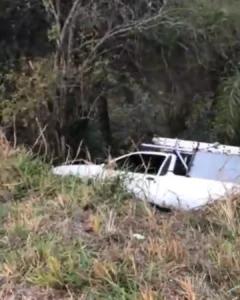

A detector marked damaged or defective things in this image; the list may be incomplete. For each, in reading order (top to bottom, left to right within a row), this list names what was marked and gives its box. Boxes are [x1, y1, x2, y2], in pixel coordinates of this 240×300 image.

crashed vehicle [51, 137, 240, 210]
overturned vehicle [52, 137, 240, 210]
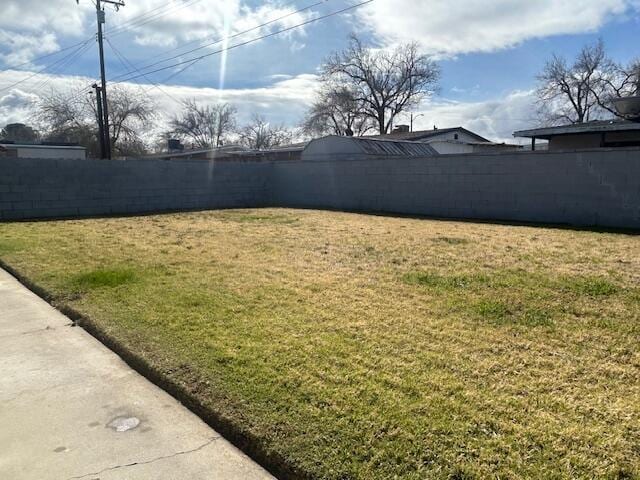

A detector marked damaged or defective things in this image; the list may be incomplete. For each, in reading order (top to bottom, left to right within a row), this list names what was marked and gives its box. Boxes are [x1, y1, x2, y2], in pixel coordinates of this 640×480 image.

crack in concrete [64, 436, 220, 478]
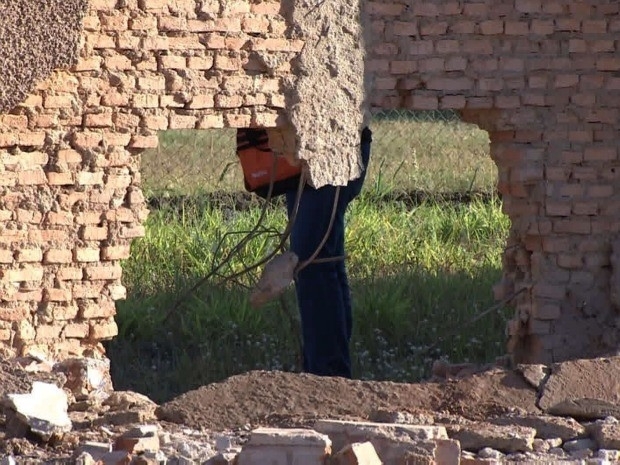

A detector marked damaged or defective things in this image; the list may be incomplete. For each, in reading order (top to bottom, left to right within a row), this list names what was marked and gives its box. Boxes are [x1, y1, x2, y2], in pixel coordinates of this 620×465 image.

broken concrete chunk [516, 362, 548, 388]
broken concrete chunk [536, 356, 620, 416]
broken concrete chunk [6, 378, 72, 440]
broken concrete chunk [446, 422, 536, 452]
broken concrete chunk [486, 414, 584, 438]
broken concrete chunk [334, 442, 382, 464]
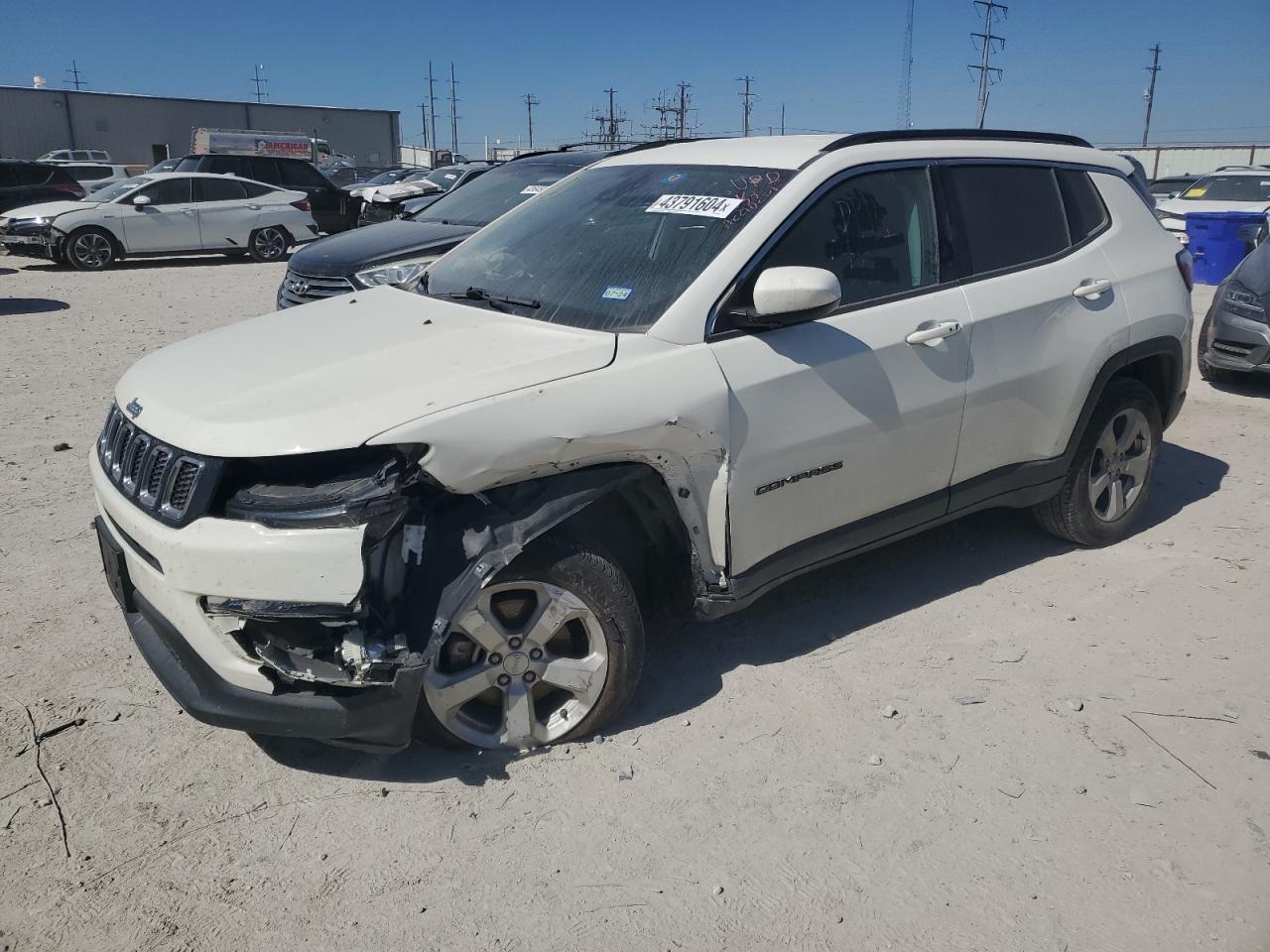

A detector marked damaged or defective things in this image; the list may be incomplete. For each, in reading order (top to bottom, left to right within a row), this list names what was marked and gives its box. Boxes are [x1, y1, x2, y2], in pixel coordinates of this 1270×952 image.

damaged headlight [355, 257, 439, 291]
damaged headlight [220, 446, 424, 531]
dented hood [114, 287, 614, 459]
damaged white jeep compass [89, 132, 1189, 751]
front bumper damage [95, 441, 655, 751]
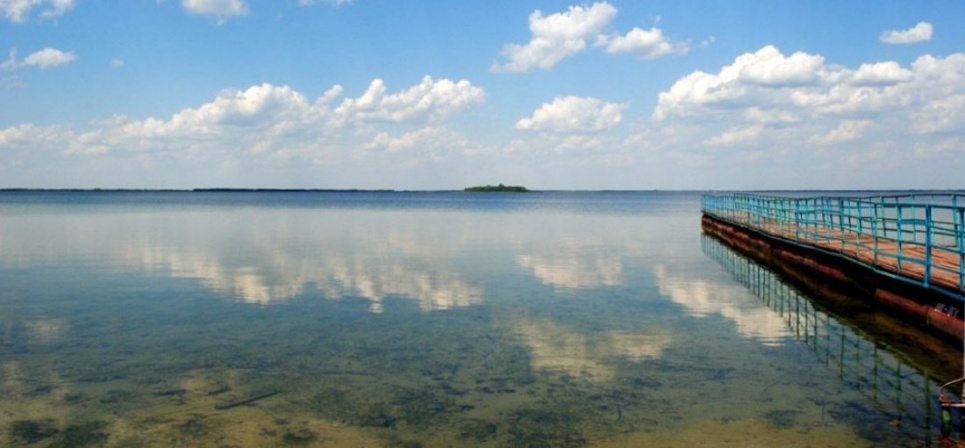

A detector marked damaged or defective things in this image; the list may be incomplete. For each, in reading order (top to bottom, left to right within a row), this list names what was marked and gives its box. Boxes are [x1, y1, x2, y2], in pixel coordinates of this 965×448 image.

rusty metal pier side [700, 193, 964, 420]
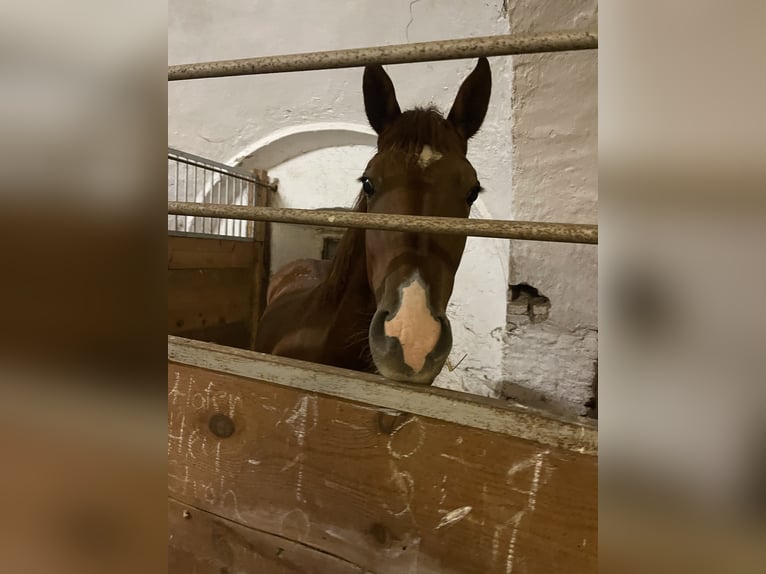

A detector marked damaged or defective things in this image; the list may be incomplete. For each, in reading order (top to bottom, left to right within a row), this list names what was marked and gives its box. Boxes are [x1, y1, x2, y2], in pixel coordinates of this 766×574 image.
══════
• INSTRUCTIONS FOR THE TASK
All that is wanted is an exact copy of the lines from the line bearing "this 965×448 image." through the final line of the entries, including both ends but no pictures.

• RESULT OF THIS TASK
A detector marked damaged or defective things in this image; the list may be incomplete. For each, in reading order (top to bottom, left to right within a row), this list names what was marked and gives its box. Boxes are [x1, y1, x2, y2], in pixel coordinates of this 965×448 image.

rusty metal pier side [700, 193, 964, 420]

A detector marked damaged or defective things in this image; the list may be incomplete. For each, in reading order (top to bottom, left to right within a row), this list names what was marked and gives its box. Boxes are [x1, y1, x2, y2], in pixel coordinates of this 766×574 image.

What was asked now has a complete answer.